> Directions for this task:
All lines in the records below from the line with "Departamento de" through the line with "Agentes Biológ" are to be given again exactly, both ends included; the pictures are to be left out.

BEGIN Records for this exercise

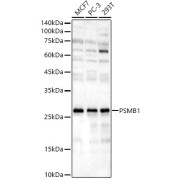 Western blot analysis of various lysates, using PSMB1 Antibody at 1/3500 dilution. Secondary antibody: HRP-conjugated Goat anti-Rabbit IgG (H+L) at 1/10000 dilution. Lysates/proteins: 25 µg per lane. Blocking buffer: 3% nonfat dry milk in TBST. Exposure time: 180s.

END Records for this exercise
BEGIN Records for this exercise

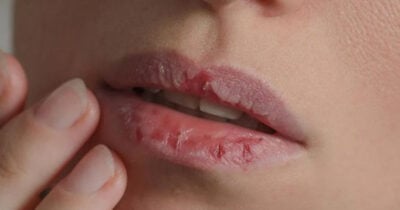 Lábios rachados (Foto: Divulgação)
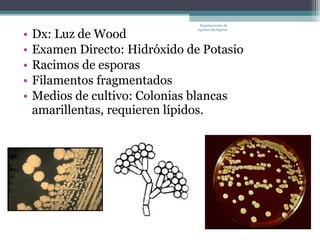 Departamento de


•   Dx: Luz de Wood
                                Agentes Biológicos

END Records for this exercise

> Written reply:
 Departamento de


•   Dx: Luz de Wood
                                Agentes Biológicos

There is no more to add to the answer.